In the second seed growth step S328, a current application method of applying a current by combining a forward current for plating and a reverse current for plating one or more times in succession (in a combination of currents, Can be used). In the second seed growth step (S328), a plating inhibitor may be used. In the second seed growth step S328, a plating promoter may be used.

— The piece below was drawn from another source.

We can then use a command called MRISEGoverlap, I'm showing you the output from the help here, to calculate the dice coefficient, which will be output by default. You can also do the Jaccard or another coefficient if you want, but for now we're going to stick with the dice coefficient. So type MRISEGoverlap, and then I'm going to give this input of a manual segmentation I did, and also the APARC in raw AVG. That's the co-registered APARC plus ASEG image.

In the second surface removing step S329, the uppermost portion may be cleaned to stably fix the finishing insulating member 40a for forming the finishing insulating layer 40. [

The insulation layer forming step (S34), which is performed twice, is a step of laminating a finishing insulation member (40a) for forming a finishing insulation layer (40) on the coil insulation member (20a) for forming the split insulation layer . After the second electrode formation step S326 is completed, the insulation layer formation step S34 is performed twice. The insulation insulation layer 40a is formed on the coil insulation member 20a for forming the split insulation layer 22, (Not shown). Here, the finishing insulating member 40a can prevent the split coil 70 and the second coil connecting portion 73 from being exposed.

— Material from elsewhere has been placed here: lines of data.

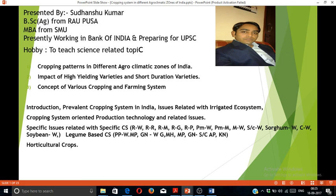In this video, we will discuss introductions, prevalent cropping systems in India, different agro-climatic zones, issues related to irrigation ecosystem, cropping system-oriented products and technology, and related issues. UPSC generally asks questions involving the rice-wheat cropping system, rice-rice cropping system. We will discuss one by one: rice-wheat, rice-rice, rice-mustard, rice-groundnut, rice-pulse, pulses-wheat, pulses-maize, maize-wheat, sugar-wheat, sorghum-wheat, cotton-wheat, soybean-wheat, legume-wheat cropping systems, as well as vertical and other crops.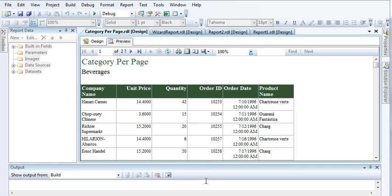Hi guys, from the last couple of videos I am working on a tutorial series on how to create reports in SQL Server Reporting Services. In my last video you saw how I created a tabular report and I explained a few settings or options of tabular reports — the page, group, and details options.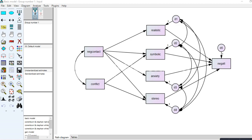In this video, I'm going to give a demonstration of multi-group path analysis using the AMOS program. The basic idea behind multi-group path analysis, or any multi-group analysis, is to test whether there are significant differences between groups in terms of the parameters being estimated. We're testing whether the parameters within your basic model vary between groups.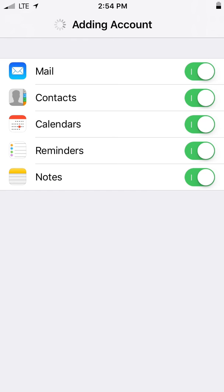Your email account has now been added to your phone. Now when you open the Mail app, you can access your SM email account.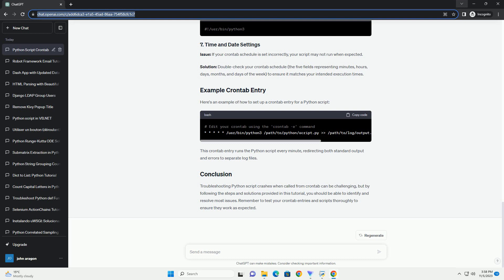In this tutorial, we will explore common issues that can lead to Python script crashes when executed from a crontab. We'll also provide solutions and best practices to help you troubleshoot and resolve these problems. Crontab is a widely used scheduling tool on Unix-like systems, and running Python scripts with it can sometimes lead to unexpected errors.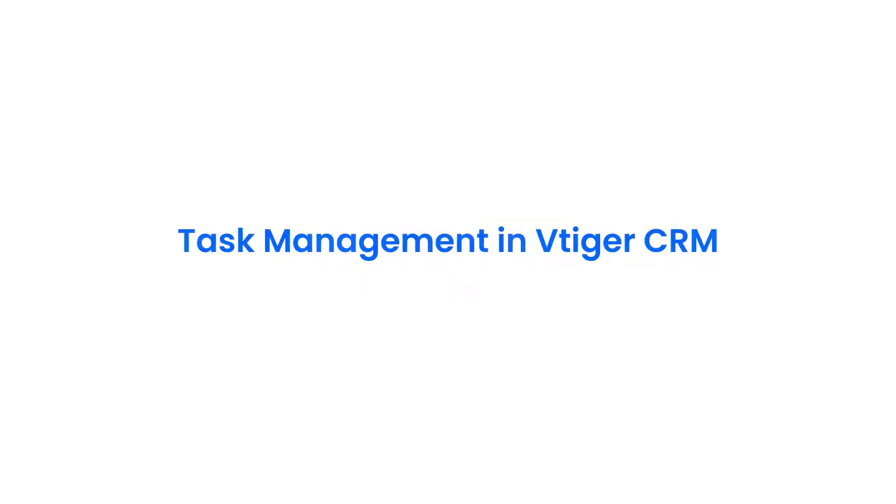Hello there. Welcome back. In this video, we shall take a look at task management in Vtiger CRM.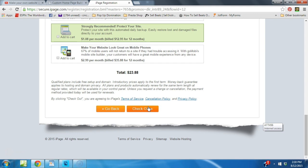So it's three easy steps: step one, domain name; step two, web hosting; step three, design your site. Let's get to the next video.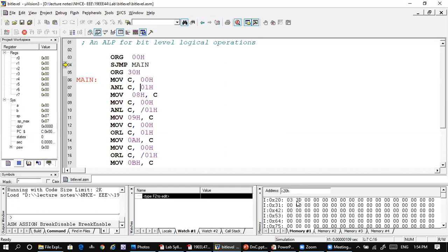If you decode 3Dh, it is 0011 1101 in binary. Each bit in that value indicates the result of one bit-level operation. That covers all the bit-level logical operations. Thanks for watching.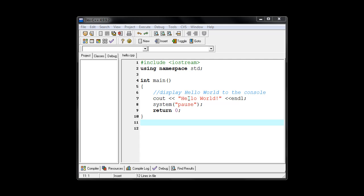And we'll also look at doing some debugging, fixing some problems that you might run into while you're starting to learn how to write your programs. So bye for now.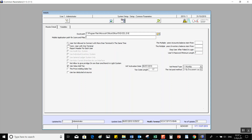The third option is: User Not Allowed to Connect with More Than One Terminal at the Same Time. If we activate this variable, the system will not allow the same user to open a new terminal while already using an open one — you must log out from the existing terminal before you can open another one.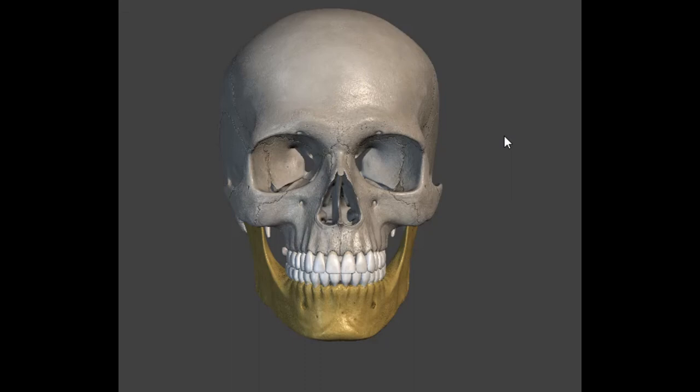Don't forget to like, comment, share, and subscribe! We just did skull anatomy — thank you so much for watching. Subscribe — S-U-B — guys, subscribe!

The inter-coil connection step (S33), which is performed twice, forms the driving electrode (80) on the finishing insulating member (40a) for forming the finishing insulating layer (40) A via forming step S331 for forming the first driving via hole 41 and the second driving via hole 42 through the finishing insulating member 40a applied through the step S34 and the via forming step S331 (S332) for forming the first driving electrode (81) and the second driving electrode (82) on the first driving via hole (41) and the second driving via hole (42) . Here, the via forming step S331 may use either a laser or an etchant.

After the driving coil forming step (S3) is completed, the shape cutting step (S4) or the base separating step (S8) is performed when the work procedure is completed according to the selection of the repeated finishing step (S11) If the work order is not terminated in accordance with the selection of the repeat finishing step S11, the process returns to the drive coil forming step S3 and proceeds to the detailed step corresponding to the work order.

2, 4 and 5, the shake correction coil unit according to the second embodiment of the present invention includes a bottom layer 10 forming a bottom, an insulating layer stacked on the bottom layer 10, And a driving coil 50 connected in a laminated state and embedded in the insulating layer.

The insulating layer according to the second embodiment of the present invention includes a front insulating layer 21 stacked on the bottom layer 10, a first interlayer insulating layer 31 stacked on the front insulating layer 21, A first interlayer insulating layer (24) laminated on the first interlayer insulating layer (31), a second interlayer insulating layer (32) laminated on the first divided insulating layer (24) A second split insulating layer 26 laminated on the first split insulating layer 32 and a finished insulating layer 40 stacked on the second split insulating layer 26. Here, the front insulating layer 21, the first split insulating layer 24, and the second divided insulating layer 26 form a coil insulating layer 20.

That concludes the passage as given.